### REQUIRED ACTION
What's wanted here is the full listing below, repeated exactly, with no images in it.

### MATERIAL PROVIDED
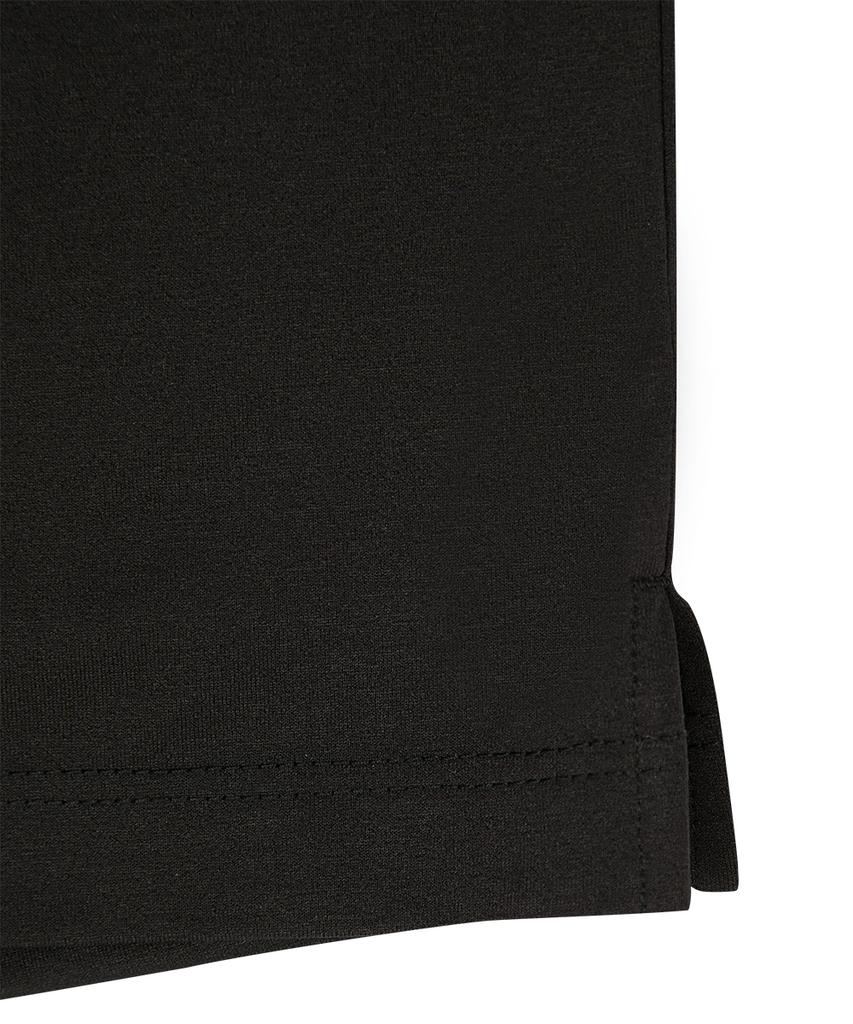 Holluba Lettering Logo T Shirt Black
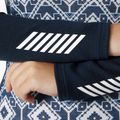Жіноча термоактивна кофта Helly Hansen Lifa Merino Midweight Graphic Crew navy star pixel 4
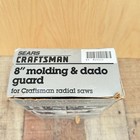 Sears 8  Molding   Dado Guard For Craftsman Radial Saw 29523 Vintage Usa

### REPLY
 Holluba Lettering Logo T Shirt Black
Жіноча термоактивна кофта Helly Hansen Lifa Merino Midweight Graphic Crew navy star pixel 4
 Sears 8  Molding   Dado Guard For Craftsman Radial Saw 29523 Vintage Usa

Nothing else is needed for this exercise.